Task directions: In the listing below, find the line containing "2006 Matrix. Fuel" and the line containing "From there, I", then copy exactly everything from the first through the second, except the pictures.

Material to process:
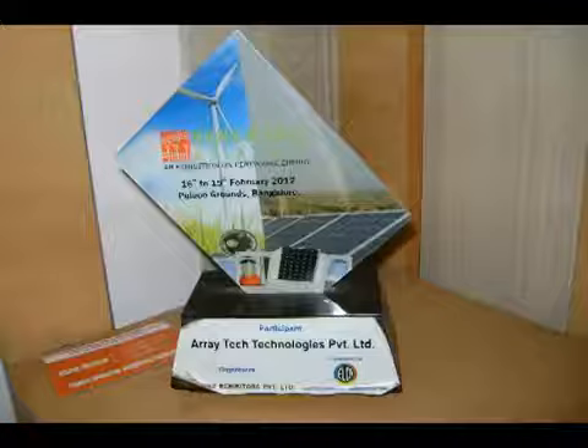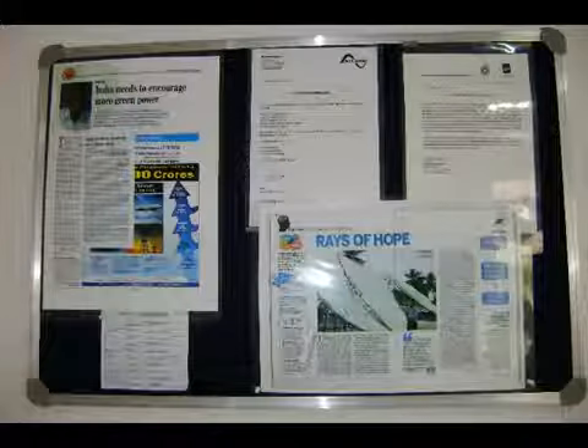Brought to you by RayTech Technologies Private Limited, a solar integration company based in Bangalore, India.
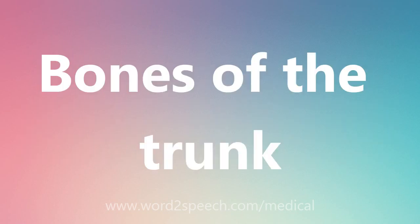B, O, N, E, S, O, F, T, H, E, T, R, U, N, K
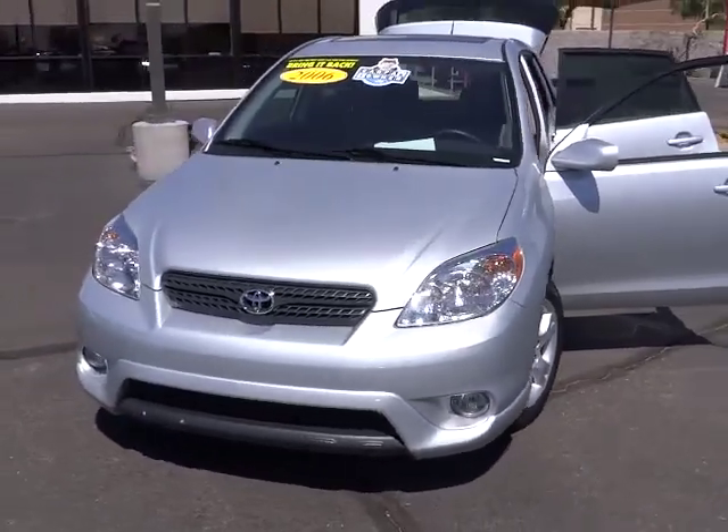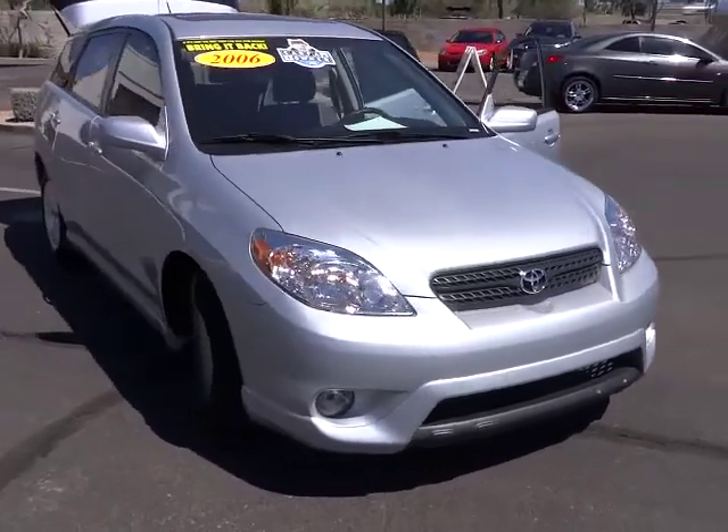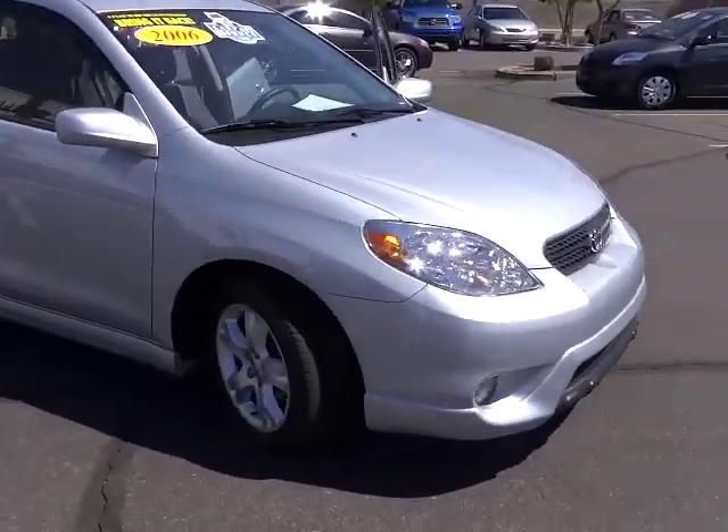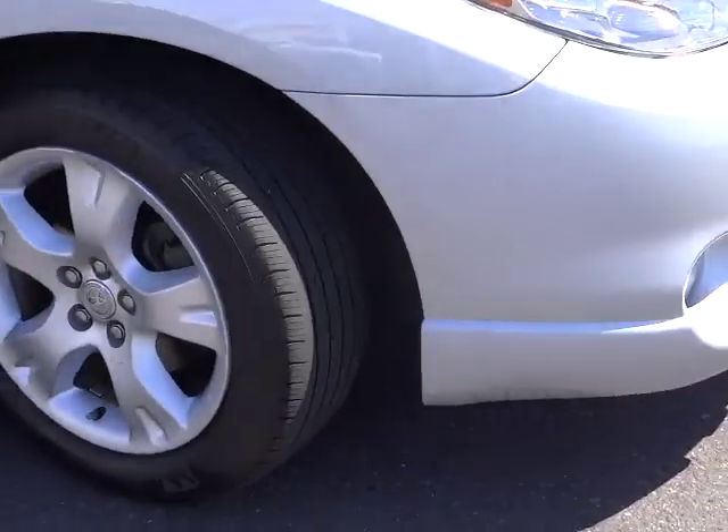2006 Matrix. Fuel efficient and practical, the Toyota Matrix boasts a cavernous 48.9 cubic feet of cargo space and convenient anti-slip rubber strips in the cargo floor.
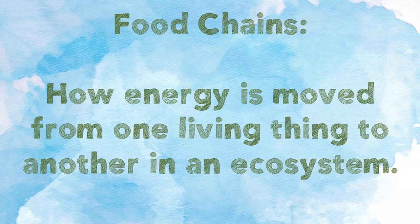Remember, food chains are how energy is moved from one living thing to another in an ecosystem.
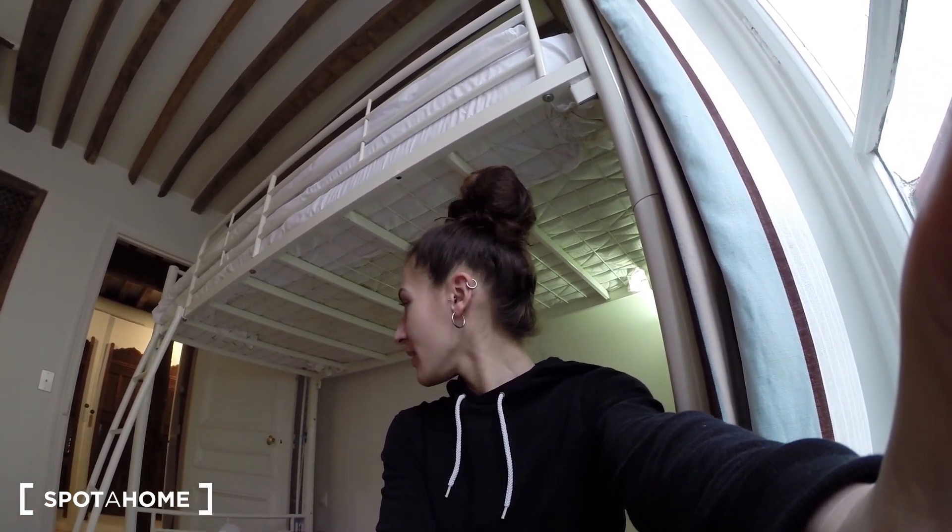Hi, this is Ellen for Spot Home Paris. Today I'm going to show you a pretty original apartment located in the 10th district of Paris, which is one of the best districts to live in, in my opinion. It's really great, not far from Gare de l'Est, and it's a two-bedroom apartment with beautiful wood everywhere.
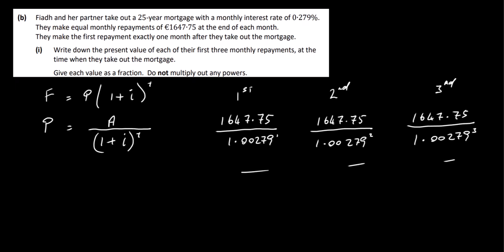So there are our three answers — fairly straightforward. For Part B2, we need to work out the amount of money that Fiac and her partner borrowed for their mortgage, correct to the nearest euro. The question doesn't tell us exactly how to do this, so we have a couple of options. The previous part gives us a hint, so I'll do it that way first.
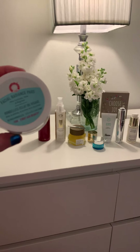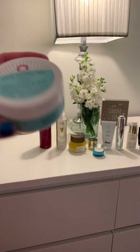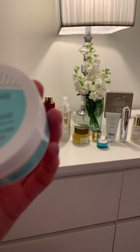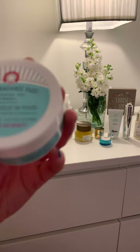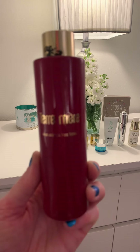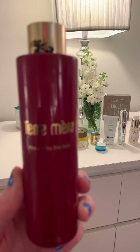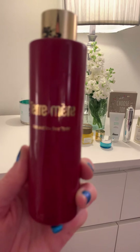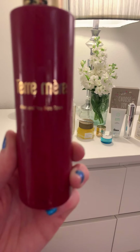From there, I usually go into these facial radiance pads by First Aid Beauty. I'll just take one of these and wipe it over my skin — it helps tone, exfoliate, and brighten. I'll either do this or I'll go into my tea tree toner, which is almost gone but it is awesome. I apply this to a cotton pad and then wipe it all over my skin.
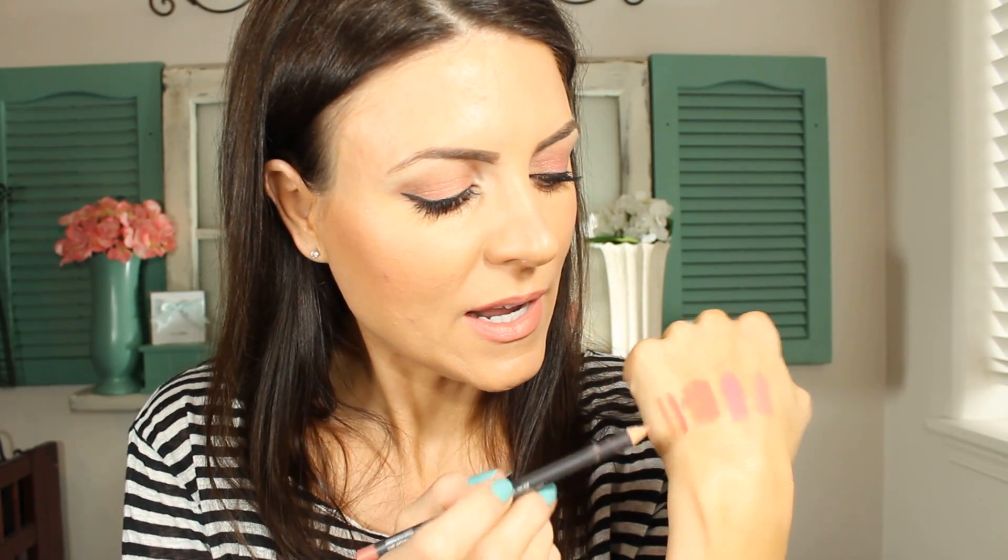I also picked up two lip liners. The first one is called Boldly Bare, which is also a repurchase — I had this before and lost it. This one is basically the same shade as Kinda Sexy but a tad bit darker, and I'm wearing this on my lips as well. The other lip liner I picked up is called Subculture, which has been on my list forever. It's also like a nude, a little bit lighter, and it's really perfect for lining your lips to make them look fuller. You just outline or over-line your lips and it looks amazing.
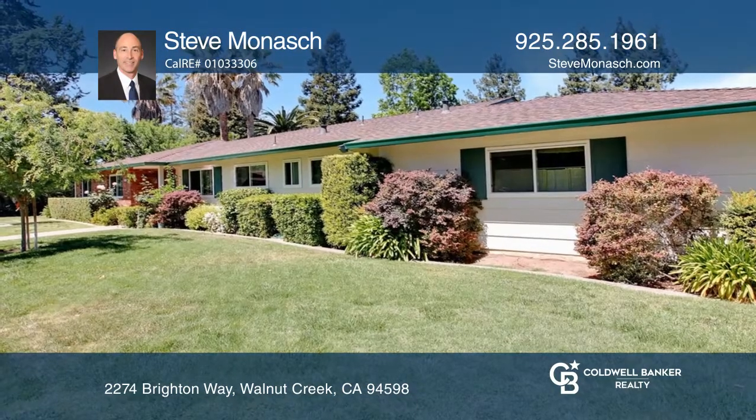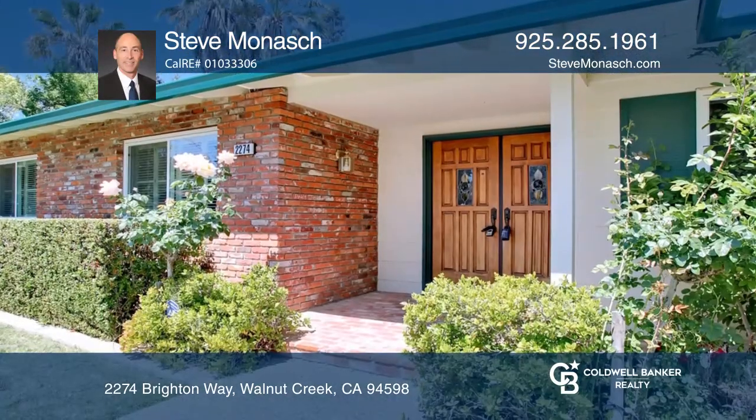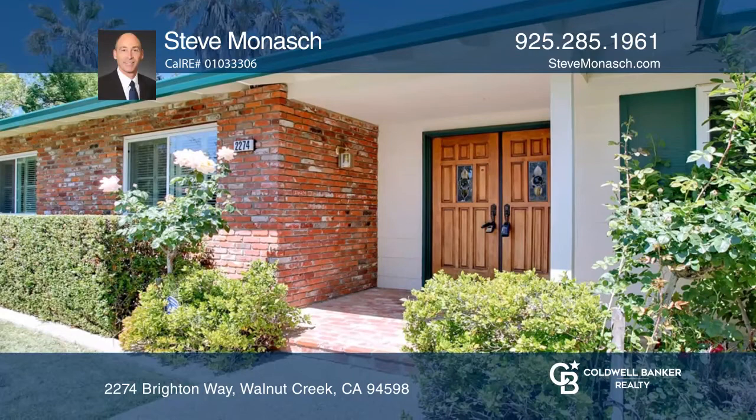This single-level, five-bed, two-and-one-half bath rancher is situated on a roughly 10,625-square-foot, well-manicured corner lot in the popular Northgate area of Walnut Creek.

Task output:
2006 Matrix. Fuel efficient and practical, the Toyota Matrix boasts a cavernous 48.9 cubic feet of cargo space and convenient anti-slip rubber strips in the cargo floor.
Remember, food chains are how energy is moved from one living thing to another in an ecosystem.
Hi, this is Ellen for Spot Home Paris. Today I'm going to show you a pretty original apartment located in the 10th district of Paris, which is one of the best districts to live in, in my opinion. It's really great, not far from Gare de l'Est, and it's a two-bedroom apartment with beautiful wood everywhere.
So there are our three answers — fairly straightforward. For Part B2, we need to work out the amount of money that Fiac and her partner borrowed for their mortgage, correct to the nearest euro. The question doesn't tell us exactly how to do this, so we have a couple of options. The previous part gives us a hint, so I'll do it that way first.
From there, I usually go into these facial radiance pads by First Aid Beauty. I'll just take one of these and wipe it over my skin — it helps tone, exfoliate, and brighten. I'll either do this or I'll go into my tea tree toner, which is almost gone but it is awesome. I apply this to a cotton pad and then wipe it all over my skin.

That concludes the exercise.